May 21 '24 09:05 DancinParrot

Hi @DancinParrot 👋🏻

I must admit, I am very confused. Initially, I thought it was only about loading COCO annotations consisting of multiple segments. Is that still the case?

I don't quite understand why we need all these extra steps like RLE conversion and polygon conversion.

May 21 '24 14:05 SkalskiP

I must admit, I am very confused. Initially, I thought it was only about loading COCO annotations consisting of multiple segments. Is that still the case?

Yup, still that. It was my mistake, I misunderstood the issue, turns out Fiftyone split the mask for one annotation into multiple parts during export. The dataset is still structured properly though as it can be read on Fiftyone and Label Studio, it's only supervision that is unable to load the dataset.

I don't quite understand why we need all these extra steps like RLE conversion and polygon conversion.

The conversion to RLE I suppose merges all masks within an annotation to one array which is later used as input for the mask2polygon() function. This function is the one responsible for merging the contours together to form one polygon which then allows supervision to properly load the dataset.

EDIT: I have updated the original issue to include my understanding of the issue.

May 21 '24 14:05 DancinParrot

I think we should just be able to update the section of the code here:

def coco_annotations_to_masks(
    image_annotations: List[dict], resolution_wh: Tuple[int, int]
) -> npt.NDArray[np.bool_]:
    return np.array(
        [
            rle_to_mask(
                rle=np.array(image_annotation["segmentation"]["counts"]),
                resolution_wh=resolution_wh,
            )
            if image_annotation["iscrowd"]
            else polygon_to_mask(
                polygon=np.reshape(
                    np.asarray(image_annotation["segmentation"], dtype=np.int32),
                    (-1, 2),
                ),
                resolution_wh=resolution_wh,
            )
            for image_annotation in image_annotations
        ],
        dtype=bool,
    )

It is unhappy because it does not expect multiple lists here image_annotation["segmentation"].

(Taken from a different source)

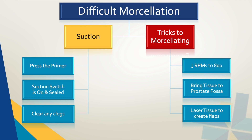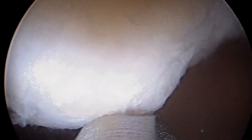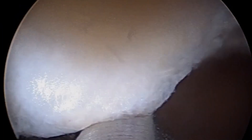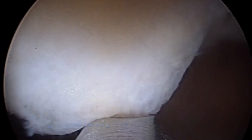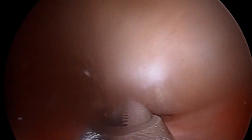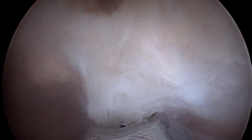Sometimes the suction is not the issue and you are still not able to morcellate. This can be due to a number of causes, and there are a few tricks we have found to be helpful in this situation. To demonstrate the scenario, we present a patient with a 225 gram prostate gland that had previous high-dose radiation therapy for prostate cancer. As you can see in this video, despite adequate suction, the tissue was not engaging with the morcellator and we utilize each trick in this patient.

The easiest way (not the most efficient), but still a lot more efficient than the conversion through all of the representations above, is to loop through lists in image_annotation["segmentation"], create a separate mask for each of them and than run np.logical_or(mask_1, mask_2).

May 21 '24 16:05 SkalskiP

The easiest way (not the most efficient), but still a lot more efficient than the conversion through all of the representations above, is to loop through lists in image_annotation["segmentation"], create a separate mask for each of them and than run np.logical_or(mask_1, mask_2).

This seems a lot more efficient. Thanks! I'll try it out tomorrow when I get access to my work laptop and update this thread on the results.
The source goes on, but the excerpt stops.